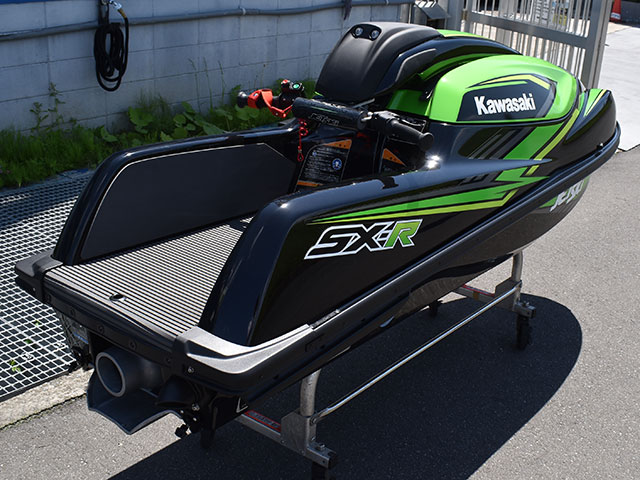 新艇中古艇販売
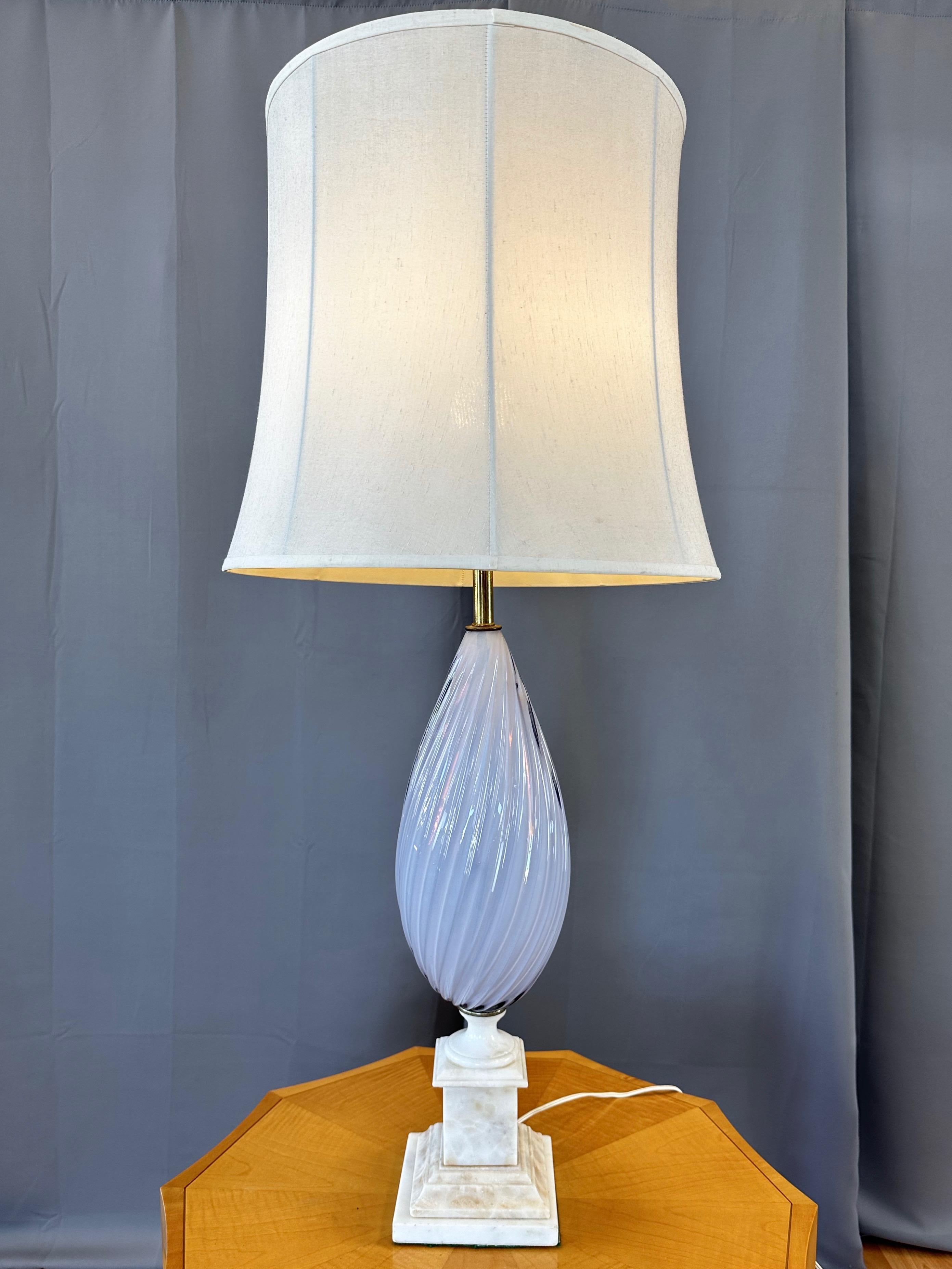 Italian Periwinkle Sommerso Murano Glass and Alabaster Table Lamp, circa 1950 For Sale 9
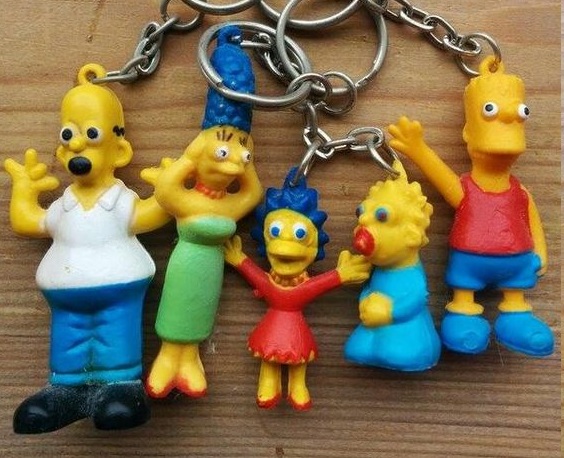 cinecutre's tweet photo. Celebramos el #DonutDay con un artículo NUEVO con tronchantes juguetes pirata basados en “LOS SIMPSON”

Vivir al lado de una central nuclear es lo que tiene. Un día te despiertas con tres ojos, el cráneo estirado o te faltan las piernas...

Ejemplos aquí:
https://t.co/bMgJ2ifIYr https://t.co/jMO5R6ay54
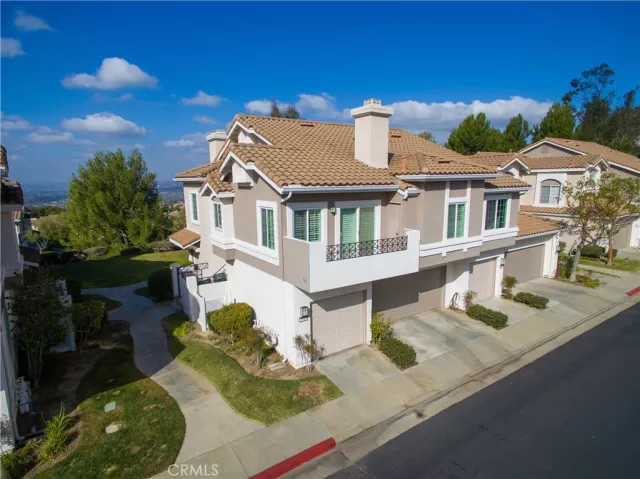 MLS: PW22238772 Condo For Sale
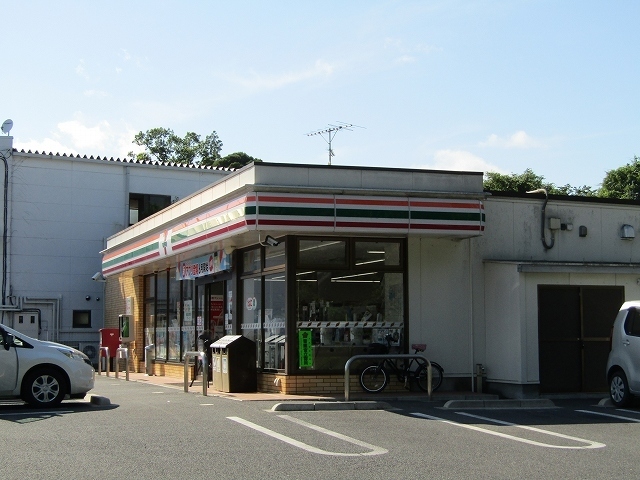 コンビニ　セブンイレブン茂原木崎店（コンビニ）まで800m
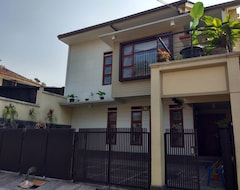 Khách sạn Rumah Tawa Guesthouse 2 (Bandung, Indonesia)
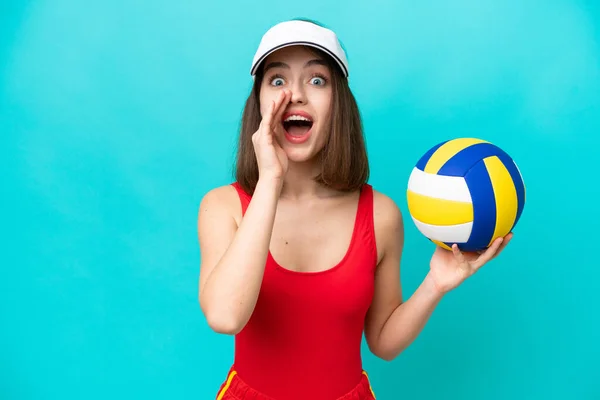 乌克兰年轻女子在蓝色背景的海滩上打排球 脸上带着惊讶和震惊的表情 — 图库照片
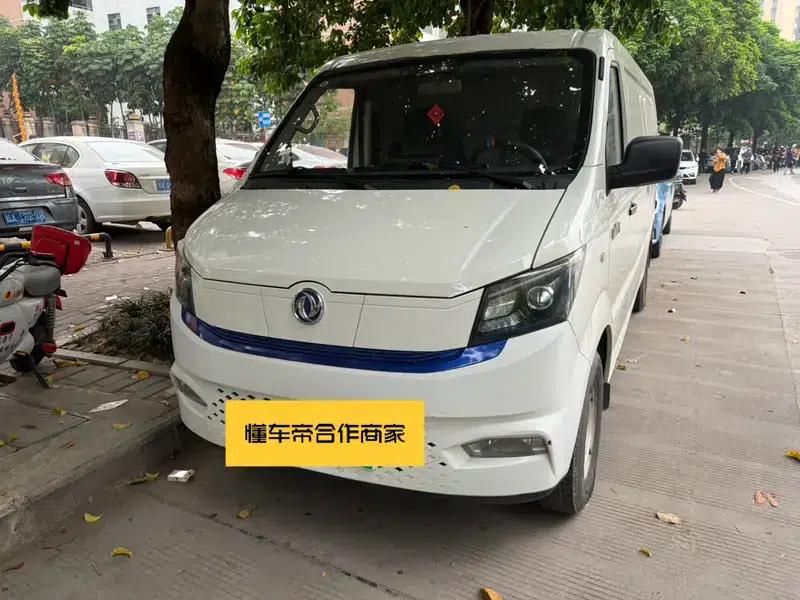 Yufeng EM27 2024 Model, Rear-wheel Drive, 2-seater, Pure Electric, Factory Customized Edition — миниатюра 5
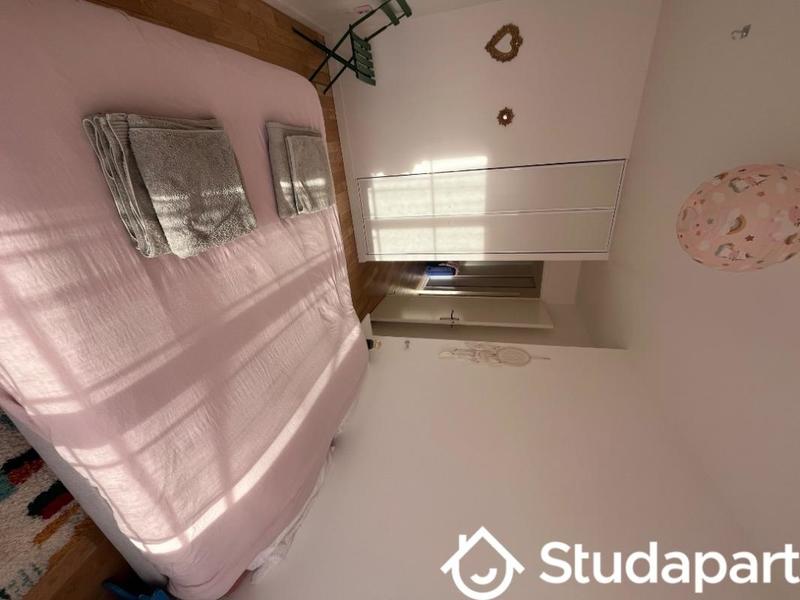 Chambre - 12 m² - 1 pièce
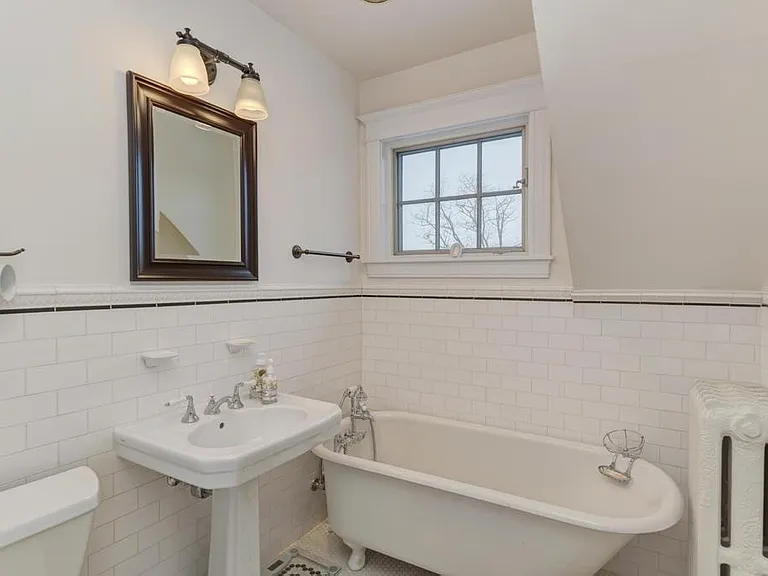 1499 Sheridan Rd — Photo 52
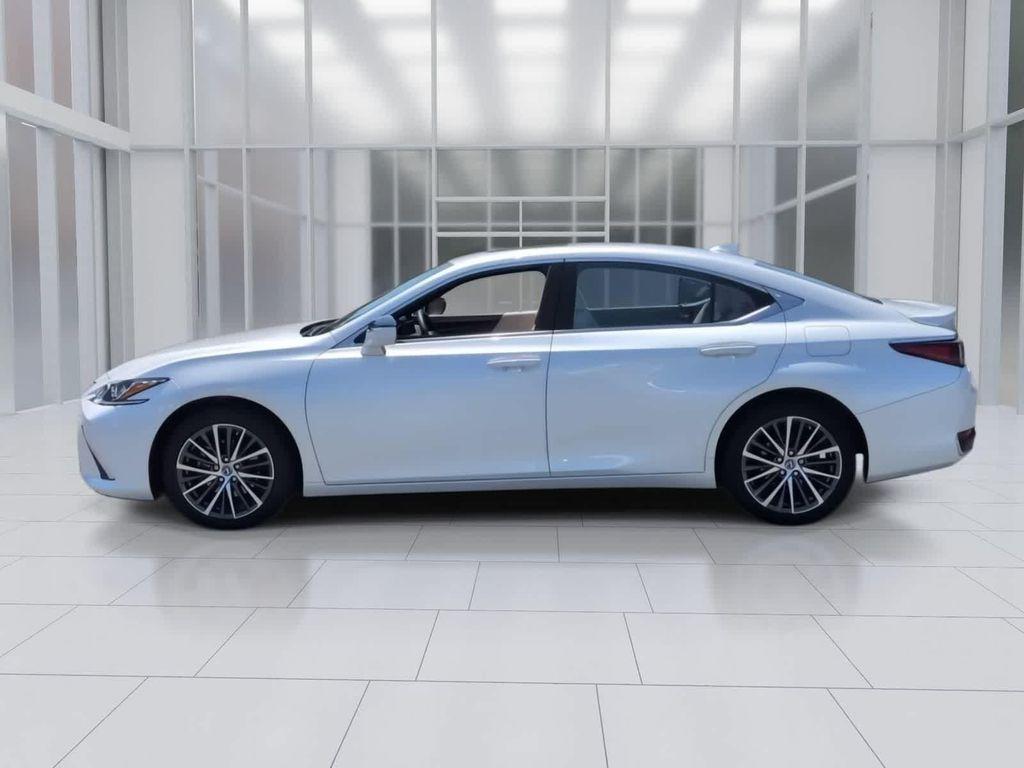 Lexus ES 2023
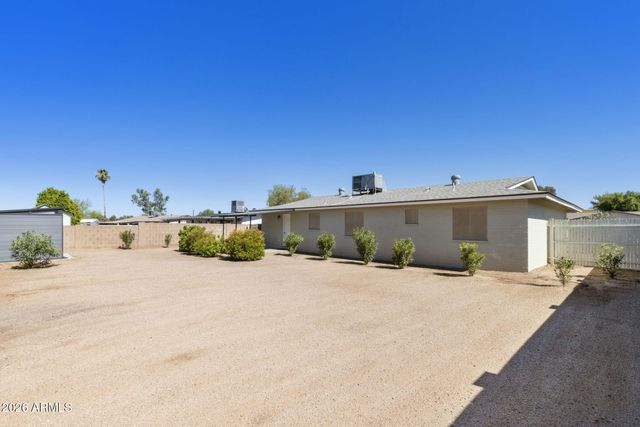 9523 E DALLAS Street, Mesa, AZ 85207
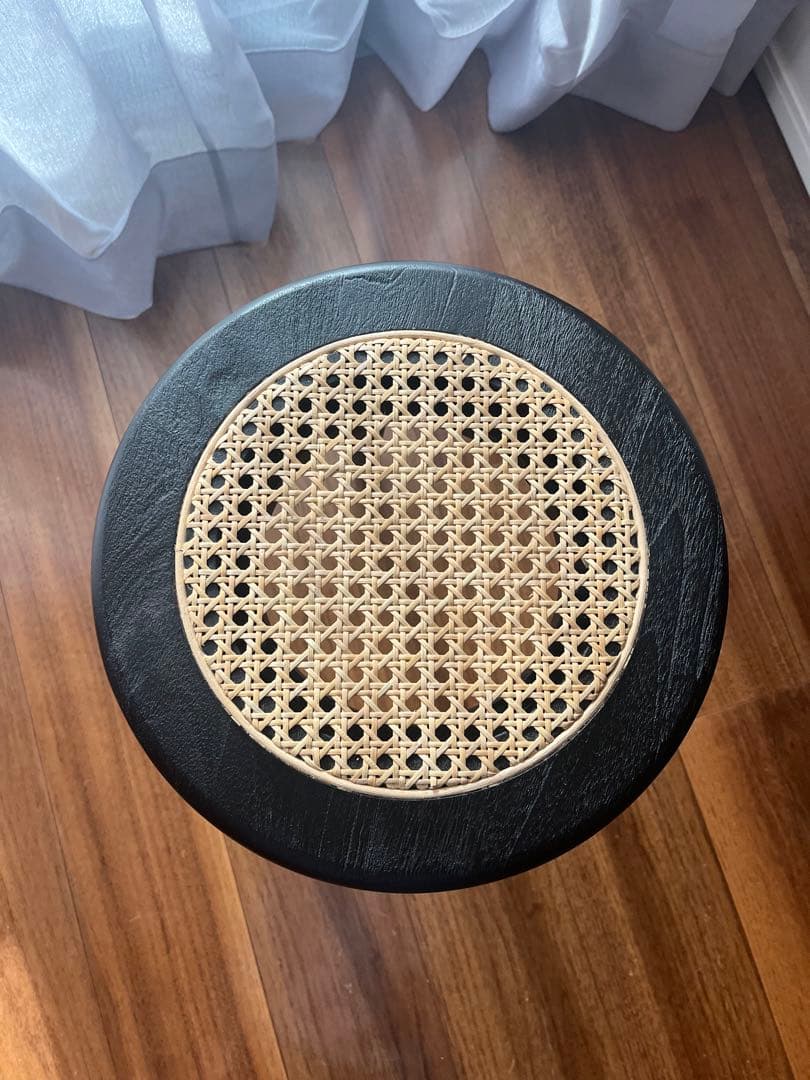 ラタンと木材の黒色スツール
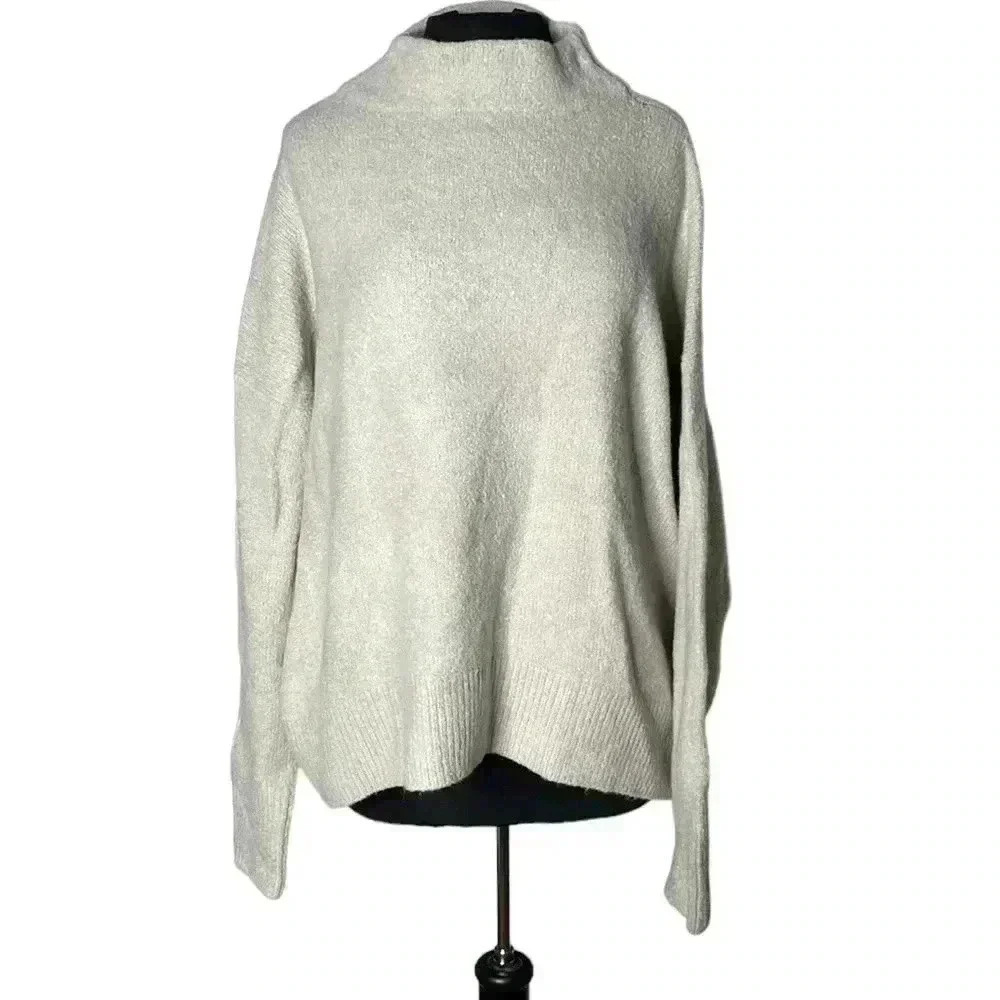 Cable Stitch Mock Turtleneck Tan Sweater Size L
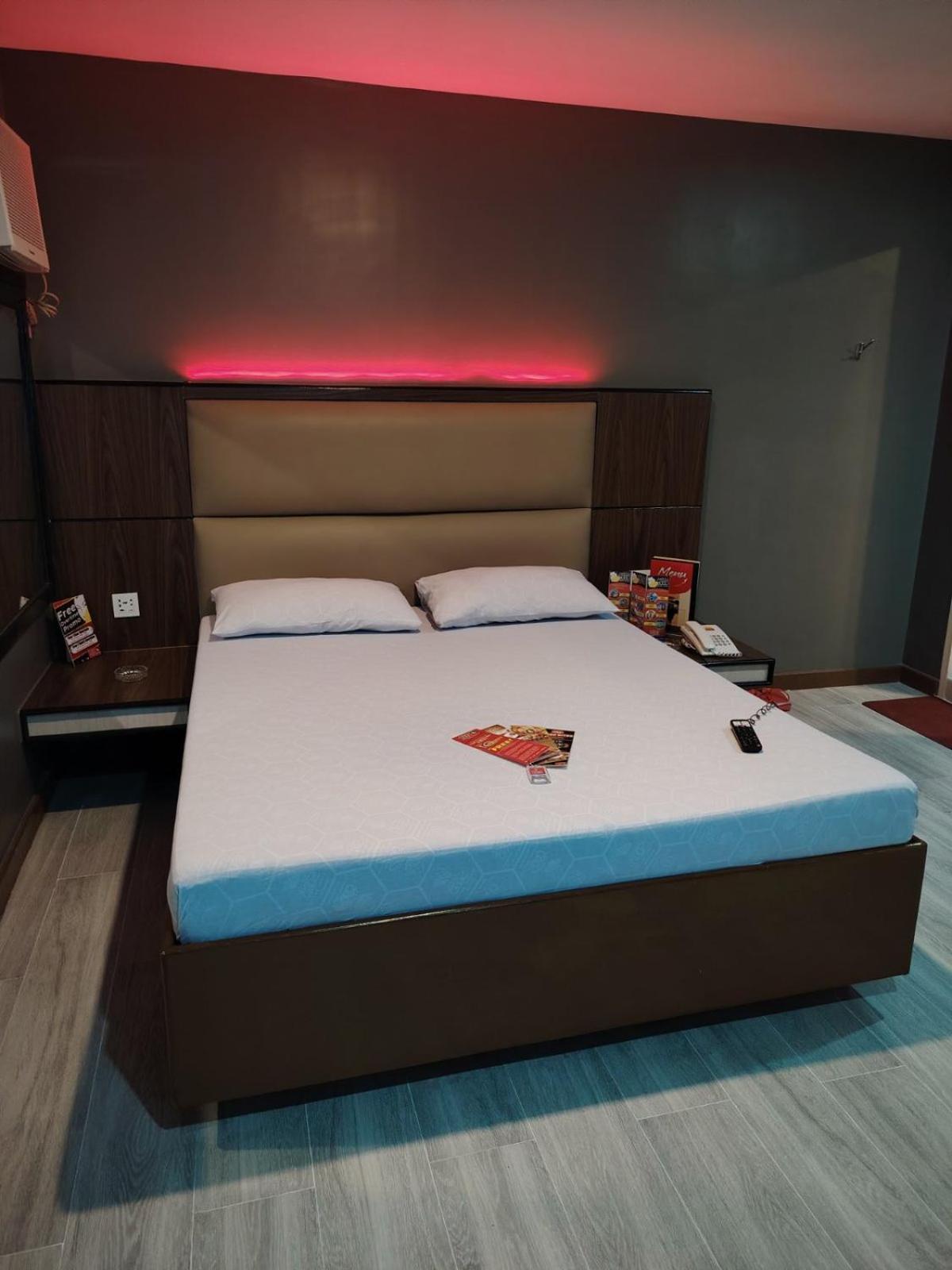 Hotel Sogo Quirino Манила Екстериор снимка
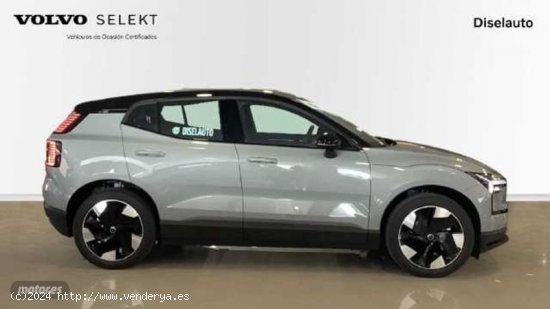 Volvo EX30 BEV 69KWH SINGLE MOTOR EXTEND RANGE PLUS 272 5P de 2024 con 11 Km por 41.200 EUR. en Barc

***

§ Activity
Set down word for word, from the line that contains "Yufeng EM27 2024" to the end of the listing above, every line and no picture.

§ The completed task
 Yufeng EM27 2024 Model, Rear-wheel Drive, 2-seater, Pure Electric, Factory Customized Edition — миниатюра 5
 Chambre - 12 m² - 1 pièce
 1499 Sheridan Rd — Photo 52
 Lexus ES 2023
 9523 E DALLAS Street, Mesa, AZ 85207
 ラタンと木材の黒色スツール
 Cable Stitch Mock Turtleneck Tan Sweater Size L
 Hotel Sogo Quirino Манила Екстериор снимка
 Volvo EX30 BEV 69KWH SINGLE MOTOR EXTEND RANGE PLUS 272 5P de 2024 con 11 Km por 41.200 EUR. en Barc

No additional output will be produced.